Items listed in a dataset:
══════════════════════════════
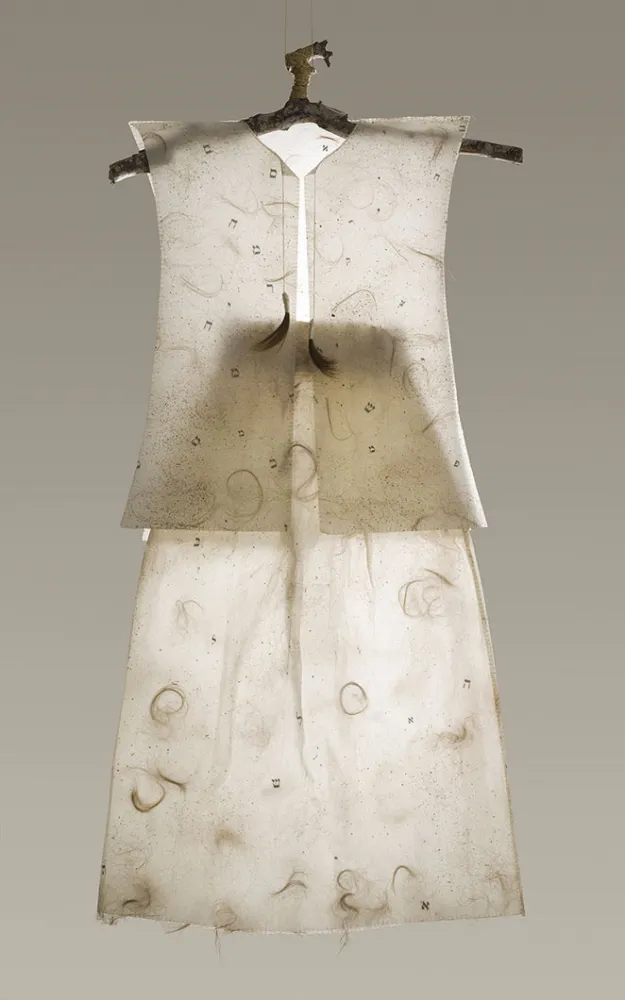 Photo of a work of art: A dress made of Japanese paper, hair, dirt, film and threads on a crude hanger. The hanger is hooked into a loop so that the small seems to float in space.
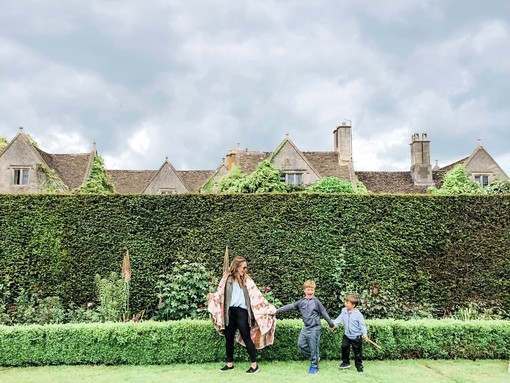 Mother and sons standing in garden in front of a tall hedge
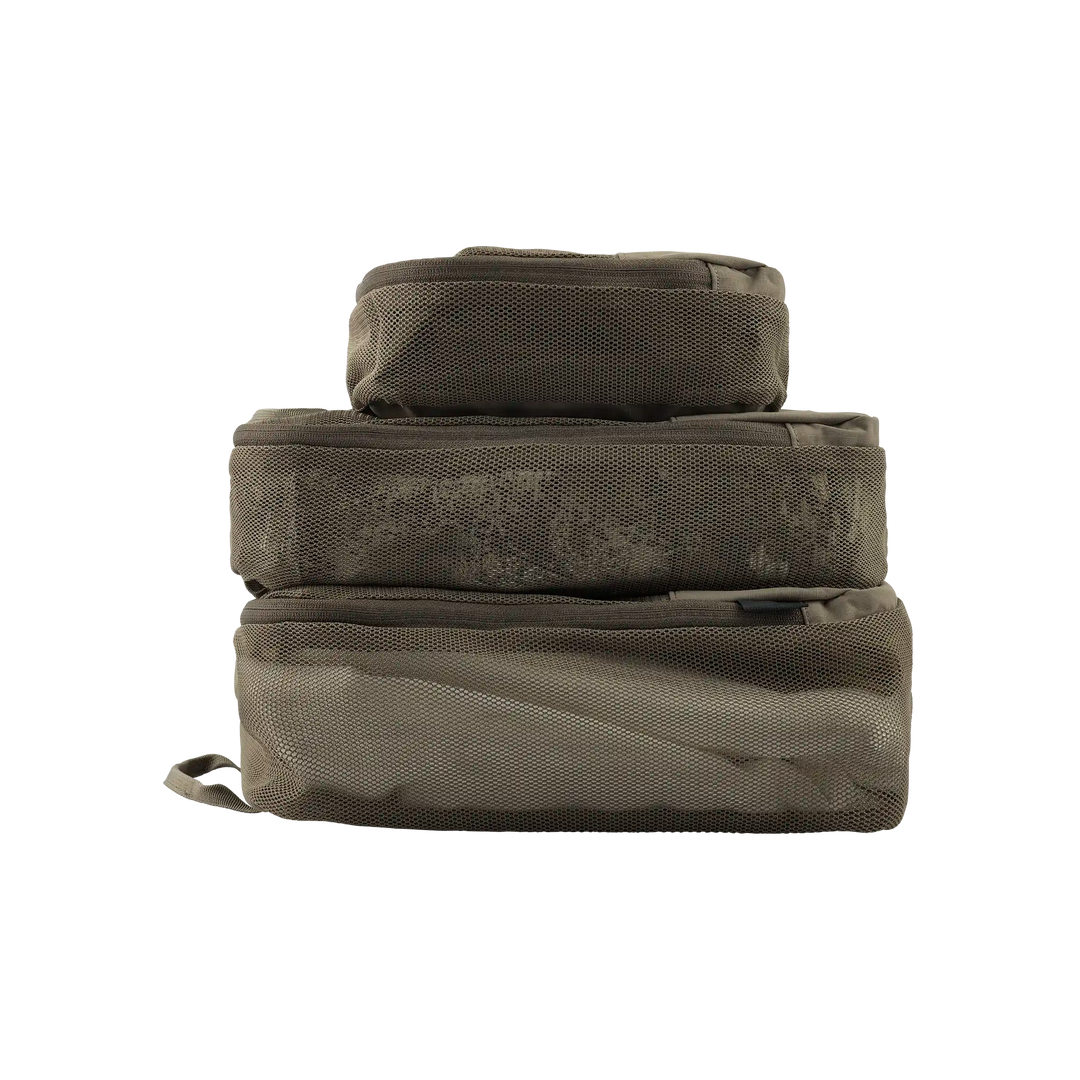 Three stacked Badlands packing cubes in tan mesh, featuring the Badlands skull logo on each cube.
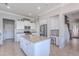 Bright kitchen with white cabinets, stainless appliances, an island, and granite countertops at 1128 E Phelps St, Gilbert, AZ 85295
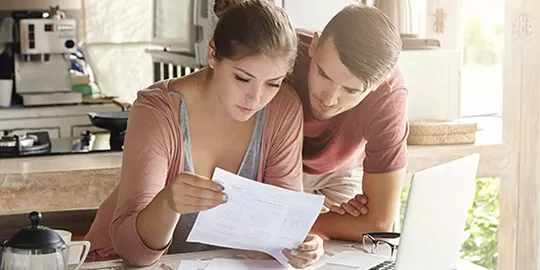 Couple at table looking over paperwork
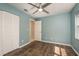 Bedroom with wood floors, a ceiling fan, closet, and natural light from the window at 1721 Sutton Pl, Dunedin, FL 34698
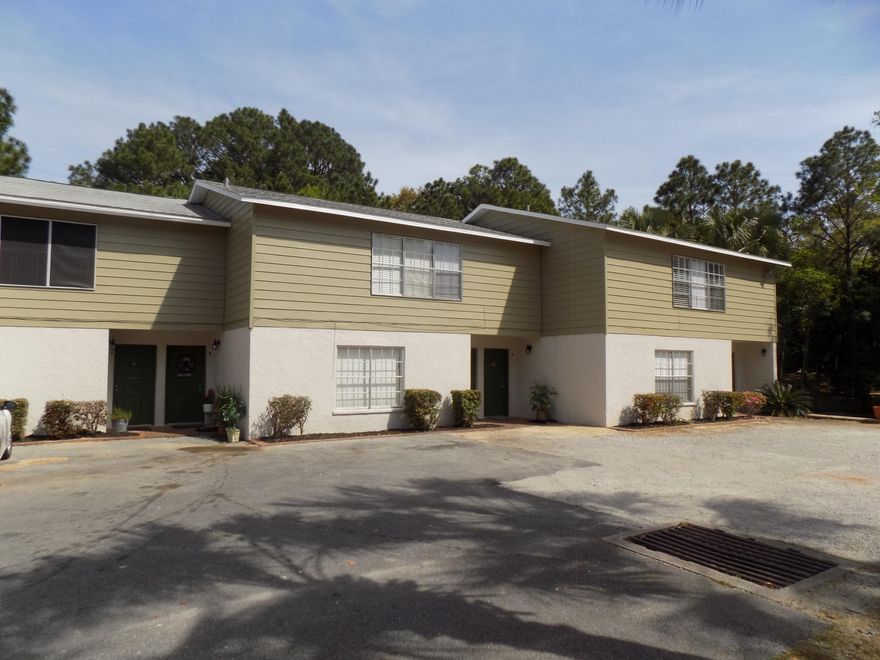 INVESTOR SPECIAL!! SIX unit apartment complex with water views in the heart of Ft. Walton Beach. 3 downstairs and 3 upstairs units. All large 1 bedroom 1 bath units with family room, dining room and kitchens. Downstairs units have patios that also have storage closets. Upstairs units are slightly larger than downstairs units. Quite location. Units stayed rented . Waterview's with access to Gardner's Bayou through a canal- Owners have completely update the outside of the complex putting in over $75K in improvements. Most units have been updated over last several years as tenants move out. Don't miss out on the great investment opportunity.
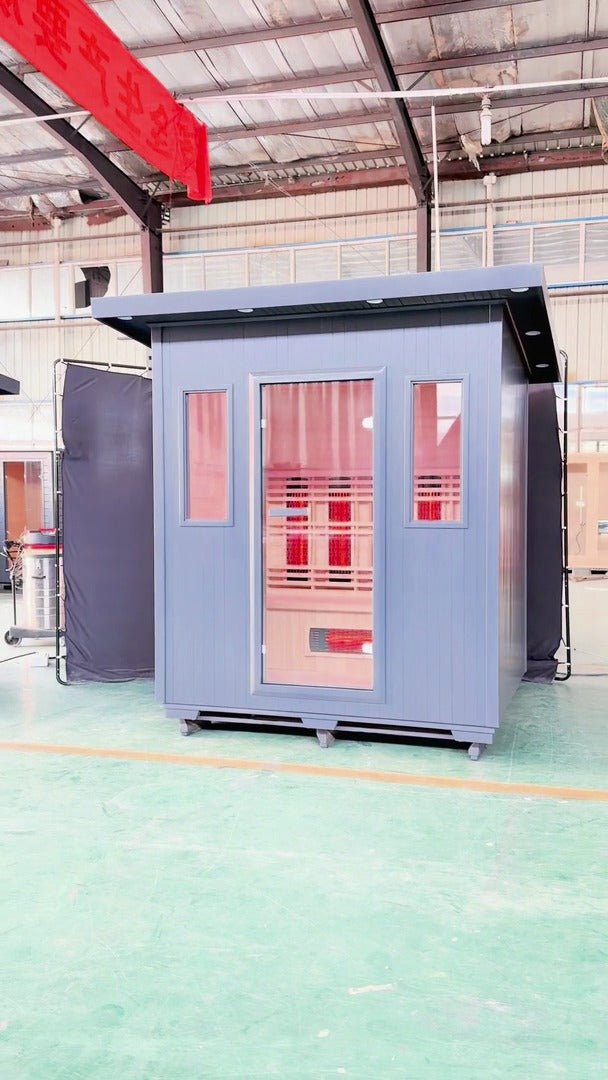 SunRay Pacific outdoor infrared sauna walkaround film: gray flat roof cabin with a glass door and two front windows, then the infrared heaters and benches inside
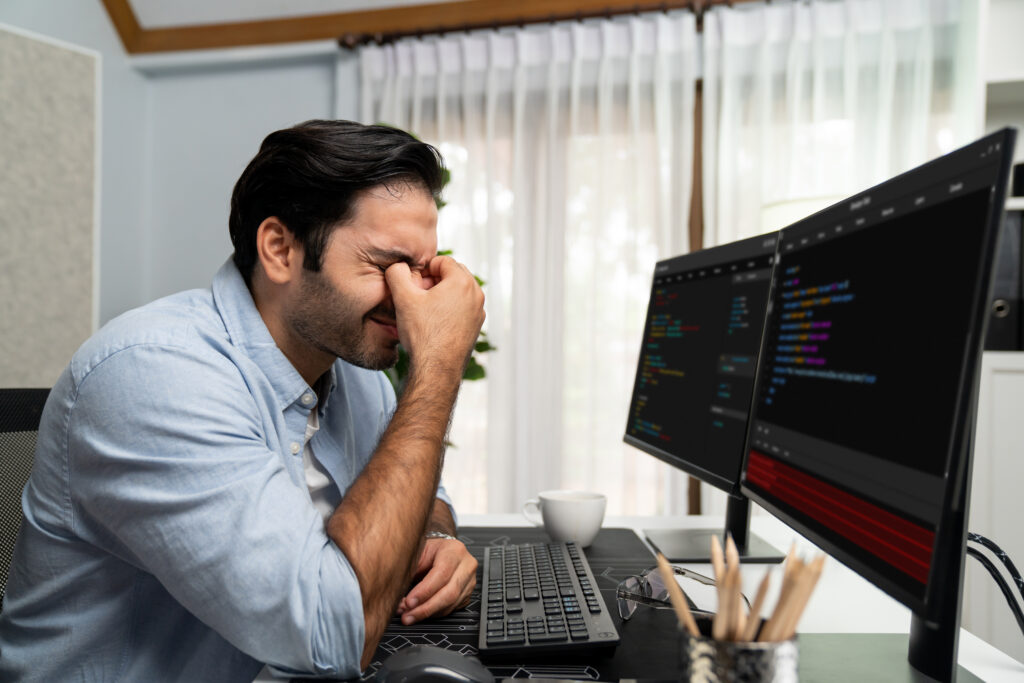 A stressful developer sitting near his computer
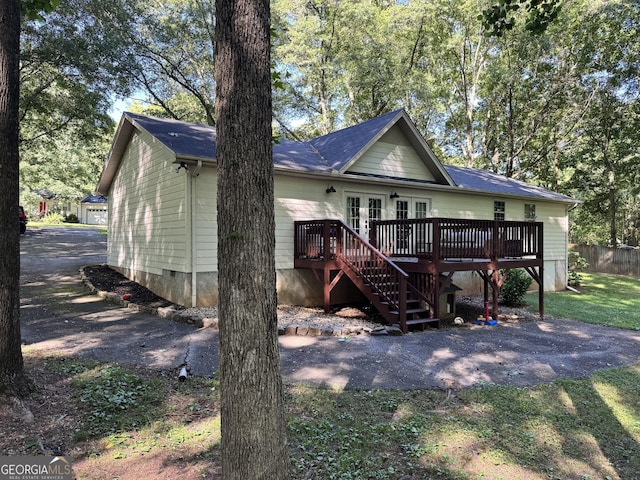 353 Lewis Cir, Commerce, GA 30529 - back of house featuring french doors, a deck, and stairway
══════════════════════════════
- [What to work on]
What is needed is a word-for-word copy of the lines from the one containing "Mother and sons" through the final line of the records above, both included, with the pictures left out.

- [Response below]
 Mother and sons standing in garden in front of a tall hedge
 Three stacked Badlands packing cubes in tan mesh, featuring the Badlands skull logo on each cube.
 Bright kitchen with white cabinets, stainless appliances, an island, and granite countertops at 1128 E Phelps St, Gilbert, AZ 85295
 Couple at table looking over paperwork
 Bedroom with wood floors, a ceiling fan, closet, and natural light from the window at 1721 Sutton Pl, Dunedin, FL 34698
 INVESTOR SPECIAL!! SIX unit apartment complex with water views in the heart of Ft. Walton Beach. 3 downstairs and 3 upstairs units. All large 1 bedroom 1 bath units with family room, dining room and kitchens. Downstairs units have patios that also have storage closets. Upstairs units are slightly larger than downstairs units. Quite location. Units stayed rented . Waterview's with access to Gardner's Bayou through a canal- Owners have completely update the outside of the complex putting in over $75K in improvements. Most units have been updated over last several years as tenants move out. Don't miss out on the great investment opportunity.
 SunRay Pacific outdoor infrared sauna walkaround film: gray flat roof cabin with a glass door and two front windows, then the infrared heaters and benches inside
 A stressful developer sitting near his computer
 353 Lewis Cir, Commerce, GA 30529 - back of house featuring french doors, a deck, and stairway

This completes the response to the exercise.